Nonlinear Infinite-dimensional Regulation of the Safety Factor Profile in Tokamaks with Moving Electron Cyclotron Drives
S.T. Paruchuri, E. Schuster
SIAM Conference on Control and Its Applications
Philadelphia, PA, USA, July 24-26, 2023
Tokamaks are torus-shaped devices designed to confine hot-ionized gas
(commonly referred to as plasma) using strong magnetic fields. The net
magnetic field in the tokamaks must be helical to ensure that the charged
particles in the plasma remain within the tokamak’s toroidal volume. The
pitch of this helical magnetic field is characterized by a plasma property
called the safety factor profile. Magnetohydrodynamic studies have shown
that maintaining the safety factor profile at the desired level is critical
to the stability of the plasma. Conventional controllers designed to maintain
the safety factor profile at the desired levels rely on approximating
the plasma dynamics. A distributed controller eliminates the need for
such finite-dimensional approximation of the safety factor dynamics.

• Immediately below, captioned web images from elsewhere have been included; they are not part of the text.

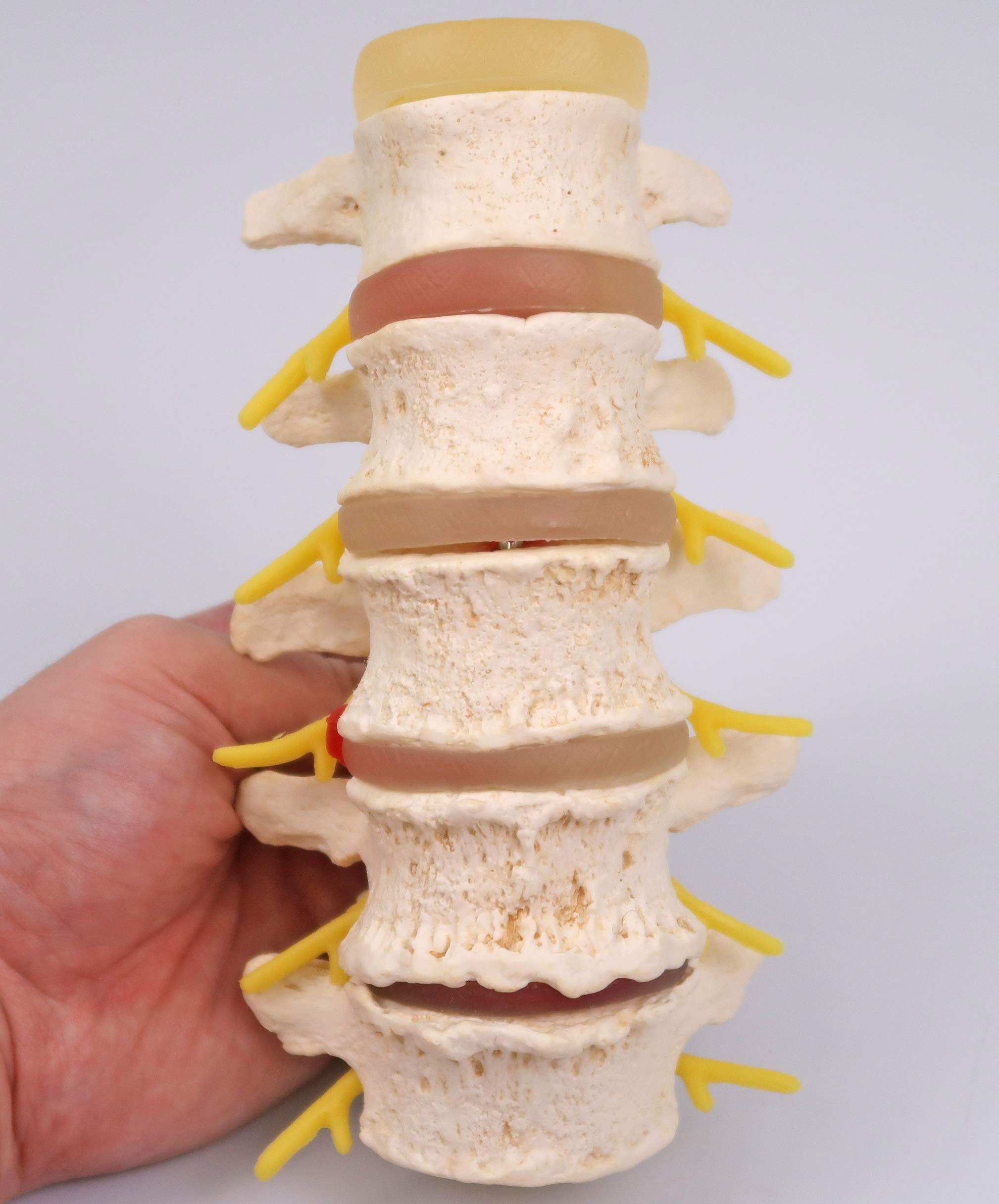 3B Scientific A795 Stadi dell'Ernia del Disco Intervertebrale e Degenerazione della Vertebra + software gratuito di anatomia - 3B Smart Anatomy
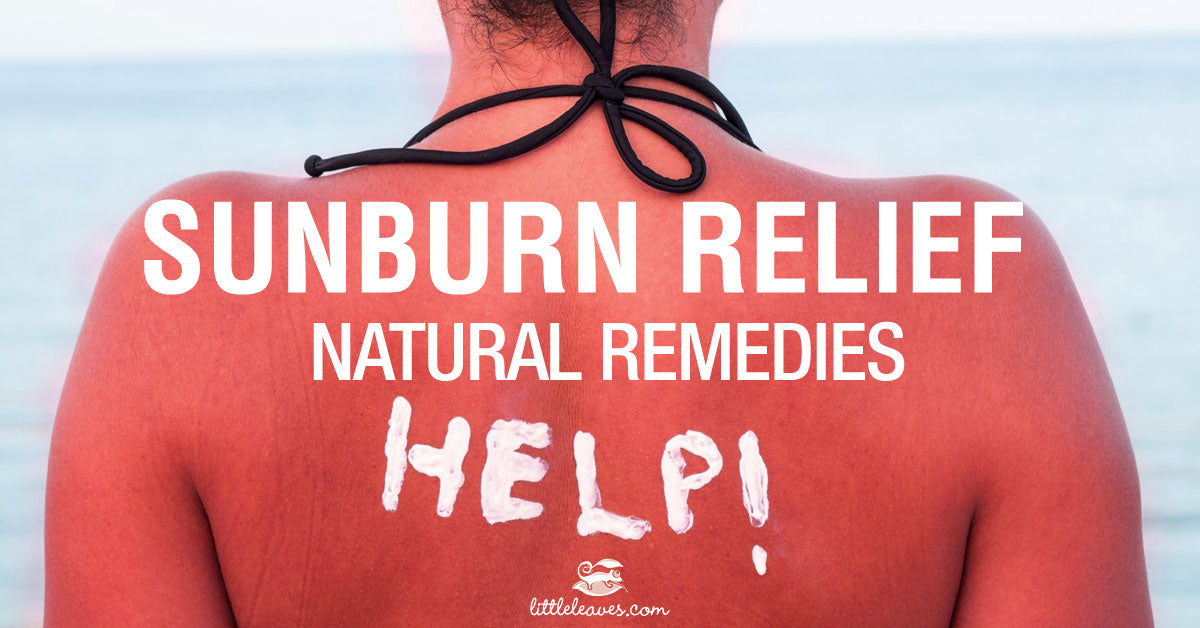 Sunburn Relief Natural Sunburn Remedies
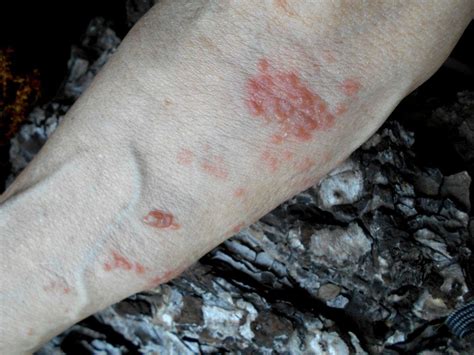 How To Identify 9 Common Skin Rashes Shingles Rash Skin Rashes | Images ...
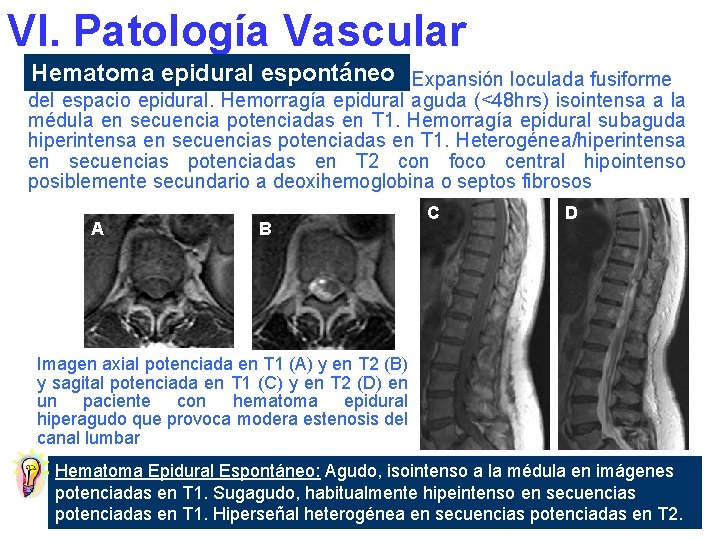 VI. Patología Vascular Hematoma epidural espontáneo Expansión loculada fusiforme del espacio epidural. Hemorragía epidural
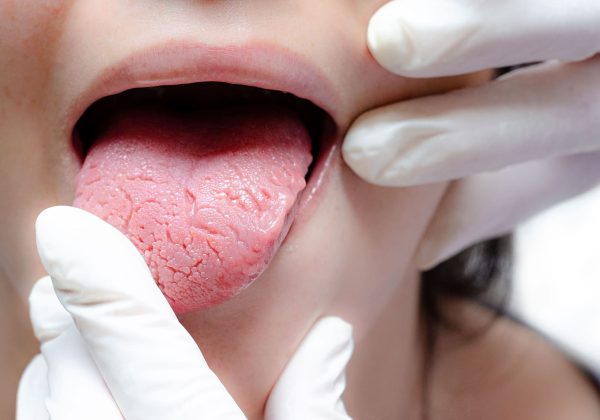 Grietas | Clínica Dental Álvarez Nóvoa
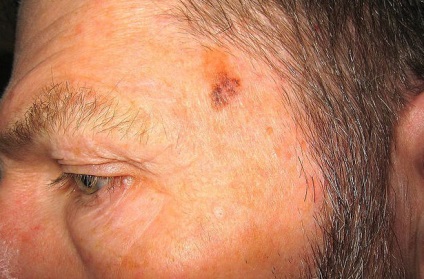Dezvoltarea melanomului - simptome și tratamentul cancerului de piele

However, the infinite-dimensional control law must be translated into
physical actuator variables such as the current drive powers and electron-cyclotron
deposition locations for practical implementation. This work proposes
a nonlinear distributed controller and discusses the steps involved in
computing the above-mentioned physical actuator variables from the infinite-dimensional
control law. The effectiveness of the controller in a DIII-D tokamak
scenario is demonstrated through nonlinear simulations.
*Supported by the US DOE (DE-SC0010537 and DE-SC0010661).